3. Working-class talent
People whose parents had professional backgrounds are significantly overrepresented in the industry (63% versus a 37% national average). In addition, 20% of UK advertising professionals attended fee-paying schools versus a national average of 7%. The report encourages the industry to implement the Social Mobility Commission’s Toolkit for the Creative Industries, which launches later this month.
Sharon Lloyd Barnes, commercial director and inclusion lead at the Advertising Association, was keen to stress that, although these are the first areas to tackle, the Inclusion Working Group is liaising with experts to create actions for other marginalised groups by the end of the year.
Jacob, who is also chief executive of Pearl & Dean, said: “It is like a film franchise. This is our first release, but we’ve got more to come.”
The considered approach is to ensure the group drives systemic and long-term change, rather than opting for easy wins.
“We want to suggest credible actions that will genuinely drive change,” Jacob added.
Although the industry has made progress on improving its pipeline of diverse staff, Lloyd Barnes said adland needs to get its house in order so that these new recruits are properly valued and supported to reach the top.
“We need to recruit, support and promote talent at every stage,” she explained.
To encourage swift action, the group has introduced a process for any company wishing to declare publicly that it is an All In Company. They will be asked to provide evidence they have implemented the three actions, in return for materials which can be used in company credentials.
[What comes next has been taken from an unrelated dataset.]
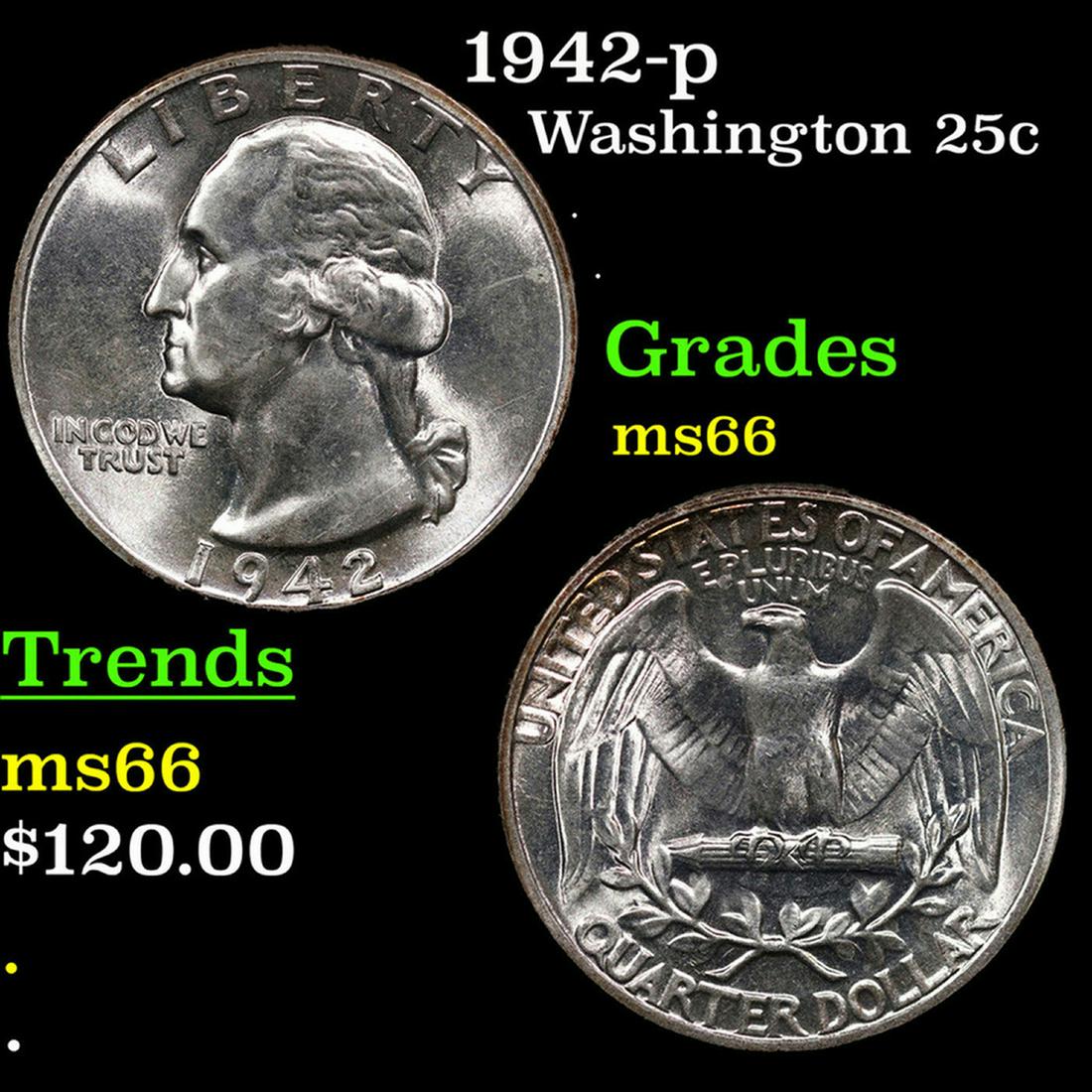 1942-p Washington Quarter 25c Grades GEM+ Unc (1 of 3)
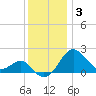Chestertown tide chart for Wednesday, December 3, 2025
The All In work has sparked the attention of the global advertising community as well as other business sectors in the UK.
The World Federation of Advertisers, backed by Campaign and Kantar, will launch an adapted version of the All In Census over 27 countries later this month - the first global diversity survey of its kind.
Meanwhile, the Inclusion Working Group has also been approached from people working in other industries about how they could implement the same type of programme.
A human-shaped approach
All these changes are important to retain talented people and future proof the industry by attracting new faces. “If we want people to stay in our industry, it needs to become more human-shaped rather than business-shaped,” Jacobs said.
“We are now in a global fight for talent. People are our biggest asset. We need to start treating them like that, rather than having a system that squashes you like a pancake, so you are all like cookie cutters,” she added.
Lloyd Barnes said this is particularly important after the Covid pandemic: “The experience we all just went through has made us more aware of our colleagues in a more human way, understanding what they are dealing with in their home environment.”
Jacobs said: “We have got to create a more inclusive workplace. This is the start of us becoming an industry we would be happy for our children to work in.”
Caroline Dinenage, the culture minister, welcomed the All In Census as it “can help further improve representation across the advertising landscape and build on the work done to date on inclusion in the creative industries”.